• **Exercise objective**
Repeat the listing exactly as given, omitting every image.

• **Recorded data**
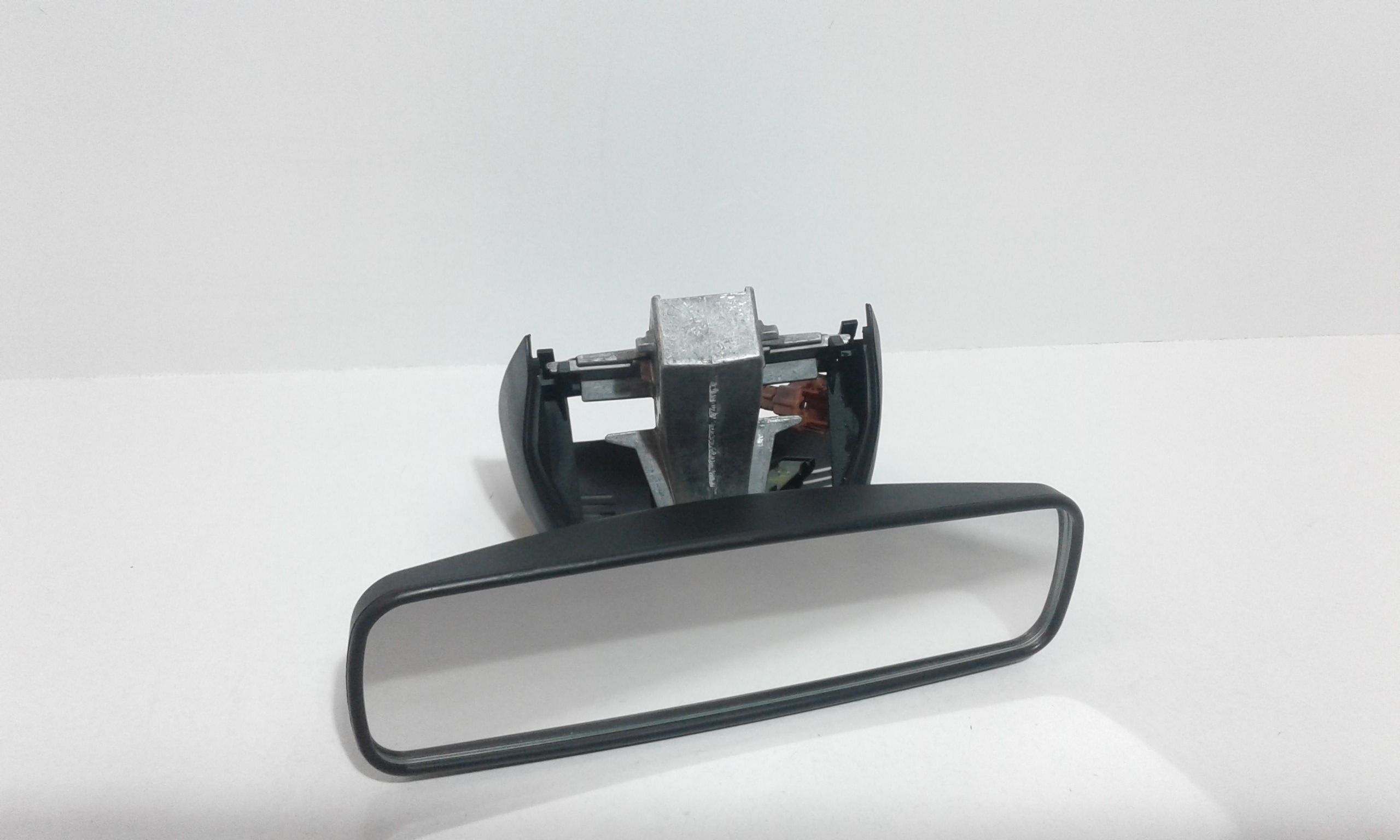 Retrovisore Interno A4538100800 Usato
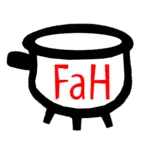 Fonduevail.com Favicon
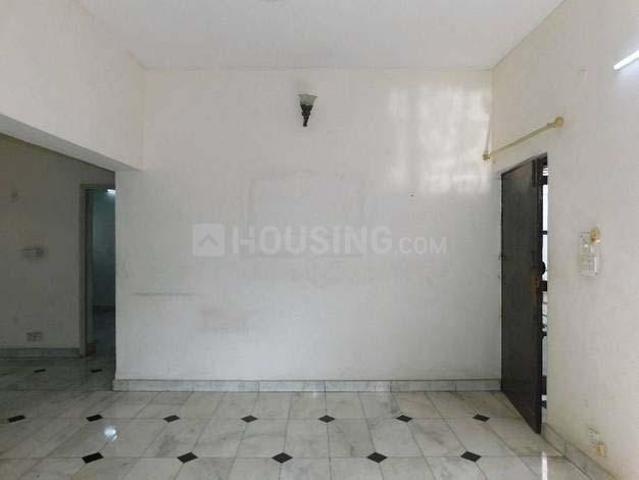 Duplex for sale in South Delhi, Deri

• **Result**
 Retrovisore Interno A4538100800 Usato
 Fonduevail.com Favicon
 Duplex for sale in South Delhi, Deri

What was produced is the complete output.